L’autre difficulté majeure, pour le PS français qui dirigea la France à plusieurs reprises sous les deux septennats de François Mitterrand (1981-1995) puis sous le gouvernement de Lionel Jospin (1997-2002), est qu’il manque de figure de proue dans un système français toujours très présidentiel.

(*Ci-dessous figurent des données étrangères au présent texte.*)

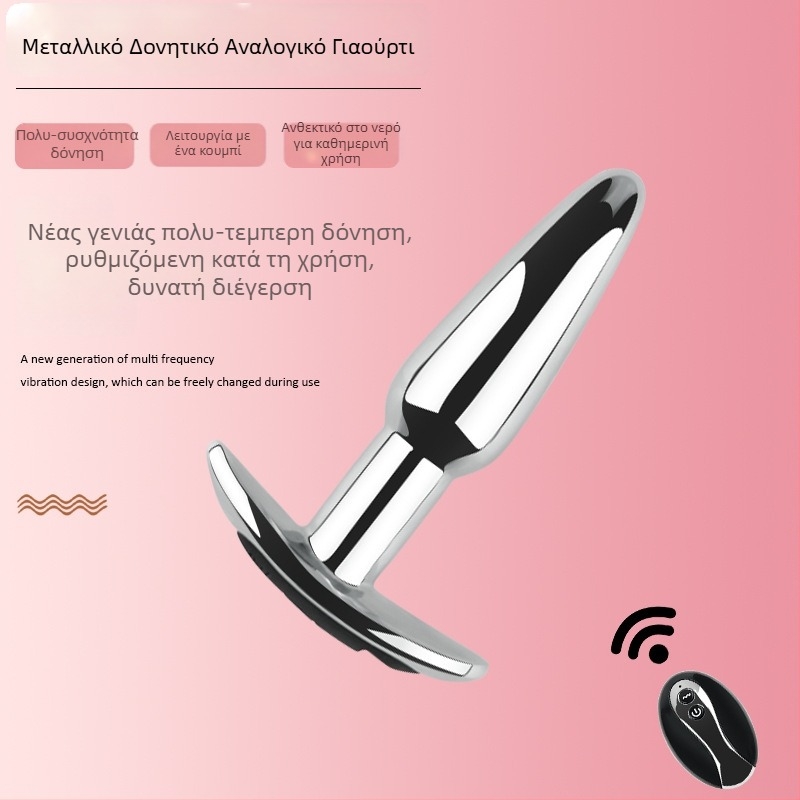 Dongkai Ηλεκτρικό Αναλικό Βύσμα με Μπίλιες για Τράβηγμα, Αλουμινίου – Σεξουαλικό Προϊόν για Ενήλικες με Δόνηση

Redevenu député de la Corrèze en 2024, l’ancien président François Hollande est très en retrait, marqué par son impopularité. Et personne d’autre ne semble aujourd’hui capable de rivaliser, sur le terrain électoral, avec l’incontournable Jean-Luc Mélenchon. «Méluche» est un tribun. Il est identifié à une gauche de combat, sans concession. Il a fait de l’électorat populaire musulman un socle solide. Il veut apparaître comme l’opposant le plus crédible à l’extrême droite. Il propose de surtaxer les riches et exige l’abrogation de la réforme des retraites qui a repoussé l’âge de départ à 64 ans. Bref, Mélenchon est l’ennemi numéro un du PS, ce parti dont il a juré la perte.

Course pour sa survie

Et maintenant? La décision de ne pas voter la censure – sans pour autant s’engager à ne pas le faire plus tard - donne une indication cruciale, à deux ans de la prochaine présidentielle de 2027. En laissant travailler le gouvernement, le PS français se lance dans une course semée d’obstacles pour sa propre survie. Il doit en effet absolument obtenir des résultats sociaux à brandir devant ses électeurs, ce qui semble très difficile dans l’actuelle période de crise budgétaire et d’endettement record de la France. Tuer Mélenchon, d’accord, mais comment et avec quelles armes?

La guerre politique que le Parti socialiste vient, ce 16 janvier, de décider d’ouvrir au sein de la gauche française sera sans merci. Pas sûr que celui-ci dispose des armes, et des combattants dans les urnes, pour la remporter.